Published by www.kidspot.com.au
I used to hate Halloween.
I was an anti-Halloweener, if ever one existed.
‘It has no place here’ I would say.
‘It’s just not an “Australian” thing’ (whatever that is).
And that was that.
Then I spent a year, pre-kids, living in the United States with my husband, and that’s when my take on it all changed.
The Californian suburban life, is not unlike the suburban life of most of the Australian cities that I’ve lived in (except that literally everything is bigger!). Most of us bound out of bed (or roll out half asleep, with the skill and athleticism of a sloth) in the morning, caffeinate, and the head out into the big wide world. The vast majority of us do this without giving much thought or time to those that live right beside us. We might give them a smile, or a nod, even a quick wave in acknowledgement, and then we’re on our way.
But, finding ourselves living in and amongst the American culture, we decided to try and embrace it, or as much of it as we possibly could. Starting with the simple stuff. We called rubbish ‘trash’ and started asking where the closest ‘gas station’ was... I even temporarily changed my name from ‘Kirsty’ to ‘Kristy’, which I did begrudgingly after one very confused Starbucks employee thought my name was ‘Arsty’.
I’m not going to lie, I’d watch enough Kardashians episodes for one lifetime, and thought I’d had this transition nailed… I didn’t. My Australian accent translates about as well as me attempting to speak Japanese. But, the holidays, that part I could definitely nail. That was the fun part!
We celebrated them all. Christmas in San Diego, New Years in San Francisco, and 4th July in Los Angeles, and we very much looked forward to celebrating our first Halloween in our home town.
In Australia we’ve been fed a very ‘Hollywood’ version of Halloween. The commercialised one. And while yes, it absolutely is. It’s no more commercialised than Valentine’s Day, Mother’s Day or even Easter (which are all widely accepted on Australian shores). Halloween is steeped in traditions based on Celtic rituals from thousands of years ago. Just like our beloved Christmas and Easter celebrations, it’s been moulded and adapted over the years to fit with our modern culture.
The aspect that I think is lost on most Australians, is the sense of community that I experienced on my first Halloween celebration. My husband and I had lived more than 10 months without meeting the vast majority of our neighbours, but on this night, the community was out in force.

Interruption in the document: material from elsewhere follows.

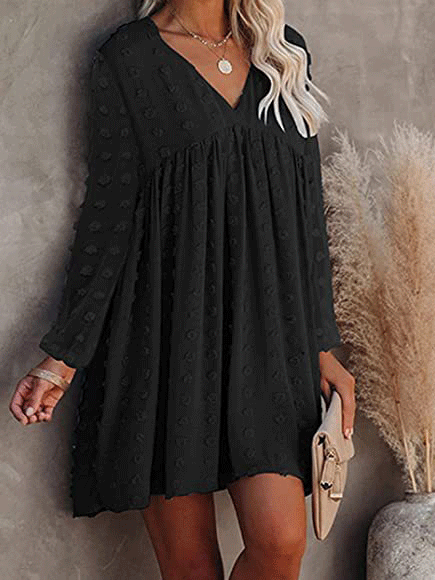 Women's Dresses Solid V-Neck Chiffon Long Sleeve Dress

The street lights were on, the neighbourhood was alive. Our cookie cutter houses were all decorated and for the first time in our US life, they were each unique. We met, and made friends with our neighbours, and suddenly we felt like we belonged. But the biggest surprise of the night was the children.
SO MANY HAPPY CHILDREN.
The streets were filled with them! Smiles permanently plastered across their sweet ghoulish faces, and the street was practically buzzing with excitement.
The more I looked around, the more I realised that it was actually pretty amazing. It quickly became one of my most cherished memories from that year abroad (apart from sitting in the audience of ‘Ellen’, but that’s a whole different story).

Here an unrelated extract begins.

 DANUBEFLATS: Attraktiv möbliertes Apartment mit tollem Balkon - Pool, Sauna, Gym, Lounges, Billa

Now, a few years on, and I have three children of my own, who will no doubt ask about Halloween at some point. The trend seems to be catching on here more and more with each passing year. Walking through our local shops, I’m surprised by how much my 5-year-old already knows about it. We’ve been reading books, and stories about Halloween, talking about where it comes from, and why people do what they do on that one night a year. I’ve even written my first children’s book based on their own questions and worries about what lurks in the dark. An attempt to make light of the monsters that have tendency to make a home in the minds of our little ones sometimes.
Now I see it as, why fight it? Join the happy. Embrace the trend. It’s one night a year for us all to be a bit wild! Dress up, have some fun, and share with the community. My children are still very young, and just beginning to learn about the ways of the world, but I can see in the near future, Halloween becoming a night of fun and family time - as we dress up together and join others in the beautiful community that we call home.
And if you’re still set in your anti-Halloweener ways, then just make sure to leave your porch light off.